Task prompt — Down to the last line, repeat the data below exactly.

------------------------------------------------

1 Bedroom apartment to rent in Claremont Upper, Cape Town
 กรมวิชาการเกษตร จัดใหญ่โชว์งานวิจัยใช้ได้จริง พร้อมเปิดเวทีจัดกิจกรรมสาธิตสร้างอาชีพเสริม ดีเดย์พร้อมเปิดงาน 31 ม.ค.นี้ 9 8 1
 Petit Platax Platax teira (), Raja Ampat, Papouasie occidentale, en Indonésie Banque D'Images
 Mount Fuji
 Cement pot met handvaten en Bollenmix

------------------------------------------------

Answer space —
1 Bedroom apartment to rent in Claremont Upper, Cape Town
 กรมวิชาการเกษตร จัดใหญ่โชว์งานวิจัยใช้ได้จริง พร้อมเปิดเวทีจัดกิจกรรมสาธิตสร้างอาชีพเสริม ดีเดย์พร้อมเปิดงาน 31 ม.ค.นี้ 9 8 1
 Petit Platax Platax teira (), Raja Ampat, Papouasie occidentale, en Indonésie Banque D'Images
 Mount Fuji
 Cement pot met handvaten en Bollenmix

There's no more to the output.